Консерваторы, националисты, монархисты, все враги ноябрьского переворота впервые выдвинули Гинденбурга в президенты в 1925 г. Не только рабочие, но и партии буржуазии голосовали тогда против гогенцоллернского маршала. Гинденбург, однако, победил: его поддержали массы мелкой буржуазии, на пути к Гитлеру. В качестве президента Гинденбург ничего не создал, но ничего и не разрушил. У его противников создалось представление, что свою верность солдата Гинденбург поставил на стражу Веймарской конституции. Оттесняемые реакцией по всей линии, чисто парламентские партии решили через семь лет поставить ставку на Гинденбурга.

Отдав монархическому маршалу свои голоса, социал-демократия и католическая демократия освободили его от каких бы то ни было обязательств по отношению к впавшей в прострацию республике. Выбранный в 1925 году голосами правых, Гинденбург не выходил за рамки конституции. Выбранный в 1932 году голосами левых, он немедленно наступил на конституцию сапогом. В этом парадоксе нет ничего таинственного. Наедине со своей «совестью» и «волей нации» — двумя неуловимыми инстанциями — Гинденбург неминуемо оказался орудием тех кругов, верность которым он пронес через всю свою жизнь.
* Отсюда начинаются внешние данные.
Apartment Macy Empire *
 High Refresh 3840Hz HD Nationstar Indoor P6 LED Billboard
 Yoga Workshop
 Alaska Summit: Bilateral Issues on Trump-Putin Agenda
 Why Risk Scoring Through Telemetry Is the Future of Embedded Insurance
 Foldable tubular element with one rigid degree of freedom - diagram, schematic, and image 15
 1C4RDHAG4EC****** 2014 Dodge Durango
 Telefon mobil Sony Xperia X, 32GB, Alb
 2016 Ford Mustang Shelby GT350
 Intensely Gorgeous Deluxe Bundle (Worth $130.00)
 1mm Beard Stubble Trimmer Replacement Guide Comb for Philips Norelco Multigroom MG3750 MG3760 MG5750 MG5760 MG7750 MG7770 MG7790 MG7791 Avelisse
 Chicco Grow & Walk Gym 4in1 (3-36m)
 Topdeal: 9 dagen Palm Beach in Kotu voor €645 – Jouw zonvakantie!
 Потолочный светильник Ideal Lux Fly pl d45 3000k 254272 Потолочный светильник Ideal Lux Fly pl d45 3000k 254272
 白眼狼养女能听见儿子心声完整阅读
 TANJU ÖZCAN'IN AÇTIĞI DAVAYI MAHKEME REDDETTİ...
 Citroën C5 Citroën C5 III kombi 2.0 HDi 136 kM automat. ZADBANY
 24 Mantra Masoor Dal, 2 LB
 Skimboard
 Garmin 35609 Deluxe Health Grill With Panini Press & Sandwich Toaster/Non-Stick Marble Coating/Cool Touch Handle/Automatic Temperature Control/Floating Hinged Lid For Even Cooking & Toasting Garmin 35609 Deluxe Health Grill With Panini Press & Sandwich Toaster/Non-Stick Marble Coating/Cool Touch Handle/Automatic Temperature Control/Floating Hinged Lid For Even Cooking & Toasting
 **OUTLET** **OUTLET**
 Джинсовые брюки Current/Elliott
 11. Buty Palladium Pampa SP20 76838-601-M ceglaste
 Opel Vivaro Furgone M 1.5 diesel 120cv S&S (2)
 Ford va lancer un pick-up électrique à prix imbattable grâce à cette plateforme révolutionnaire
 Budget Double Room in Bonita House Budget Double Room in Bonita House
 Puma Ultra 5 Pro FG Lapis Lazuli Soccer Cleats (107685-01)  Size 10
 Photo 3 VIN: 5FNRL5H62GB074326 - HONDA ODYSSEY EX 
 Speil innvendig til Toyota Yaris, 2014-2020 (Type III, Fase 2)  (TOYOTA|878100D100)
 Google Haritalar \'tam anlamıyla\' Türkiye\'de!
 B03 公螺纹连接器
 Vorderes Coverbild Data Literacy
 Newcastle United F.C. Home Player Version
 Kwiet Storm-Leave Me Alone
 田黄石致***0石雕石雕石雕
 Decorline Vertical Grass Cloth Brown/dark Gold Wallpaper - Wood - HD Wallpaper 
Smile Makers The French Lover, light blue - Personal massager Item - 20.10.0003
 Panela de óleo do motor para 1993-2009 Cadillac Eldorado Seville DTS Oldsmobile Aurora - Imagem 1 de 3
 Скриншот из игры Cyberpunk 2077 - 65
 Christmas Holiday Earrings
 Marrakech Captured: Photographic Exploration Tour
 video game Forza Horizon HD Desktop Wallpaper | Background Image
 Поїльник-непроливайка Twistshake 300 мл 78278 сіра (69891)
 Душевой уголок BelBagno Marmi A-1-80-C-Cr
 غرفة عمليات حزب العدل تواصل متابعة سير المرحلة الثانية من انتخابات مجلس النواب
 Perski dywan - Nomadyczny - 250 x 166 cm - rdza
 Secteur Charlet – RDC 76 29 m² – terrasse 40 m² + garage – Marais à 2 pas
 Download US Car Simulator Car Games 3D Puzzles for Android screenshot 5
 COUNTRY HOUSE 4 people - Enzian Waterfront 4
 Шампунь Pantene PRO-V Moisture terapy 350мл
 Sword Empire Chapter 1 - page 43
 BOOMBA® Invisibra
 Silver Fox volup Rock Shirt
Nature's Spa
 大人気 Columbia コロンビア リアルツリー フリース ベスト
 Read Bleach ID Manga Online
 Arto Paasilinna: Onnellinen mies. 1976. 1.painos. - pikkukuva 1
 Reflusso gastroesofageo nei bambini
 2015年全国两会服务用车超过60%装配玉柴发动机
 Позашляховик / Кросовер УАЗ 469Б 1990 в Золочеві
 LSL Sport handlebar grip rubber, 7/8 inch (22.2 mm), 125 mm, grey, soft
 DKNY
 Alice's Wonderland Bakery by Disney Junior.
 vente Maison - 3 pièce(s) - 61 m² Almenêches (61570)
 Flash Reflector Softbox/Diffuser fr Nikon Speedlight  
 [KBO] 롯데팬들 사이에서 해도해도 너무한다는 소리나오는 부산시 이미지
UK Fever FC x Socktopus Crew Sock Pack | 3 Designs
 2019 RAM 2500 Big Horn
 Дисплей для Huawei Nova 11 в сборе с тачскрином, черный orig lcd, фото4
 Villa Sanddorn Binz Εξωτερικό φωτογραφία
Политика президента есть политика верхов земельной аристократии, баронов промышленности и банковских князей, римско-католического лютеранства и, не в последнем счете, моисеева закона.

Через фон Папена, о котором накануне никто в стране не думал, политический штаб Гинденбурга сразу оборвал нити, связывавшие избрание президента с демократическими партиями. Немецкому бонапартизму в его первой стадии не хватало изюминки авантюризма. Своей карьерой во время войны и магическим порядком своего восхождения к власти Папен до известной степени восполнил этот недочет. По поводу остальных его данных, кроме иностранных языков и безупречных манер, отзывы разных направлений сходятся на том, что отныне историки не смогут уже писать о Михаэлисе[725] как о самом сером и безличном канцлере Германии.

А где же сабля? У Гинденбурга остался в руках лишь маршальский жезл, игрушка для стариков. Папен, после малообнадеживающего опыта во время войны, ушел в штатскую жизнь. Сабля нашлась, однако, в лице генерала Шлейхера[726]. Именно в нем приходится видеть сейчас ядро бонапартистской комбинации. И не случайно: поднимаясь над партиями и парламентом, правительство сужается до бюрократического аппарата. Наиболее действительную часть аппарата составляет, бесспорно, рейхсвер. Немудрено, если из-за спины Гинденбурга и Папена выдвинулся Шлейхер. Газеты много писали о том, что генерал в тиши своего штаба давно уже подготовлял события. Может быть. Но гораздо важнее, что ход событий подготовлял генерала.

Когда эти строки появятся в печати, первая встреча правительства Папена с рейхстагом останется позади. Будет уже, вероятно, известно, кто расшибся при столкновении: Папен или рейхстаг. Могут расшибиться оба, оставив наследником Шлейхера. Эпизодов мы не собираемся предугадывать. Эпизодов будет еще немало.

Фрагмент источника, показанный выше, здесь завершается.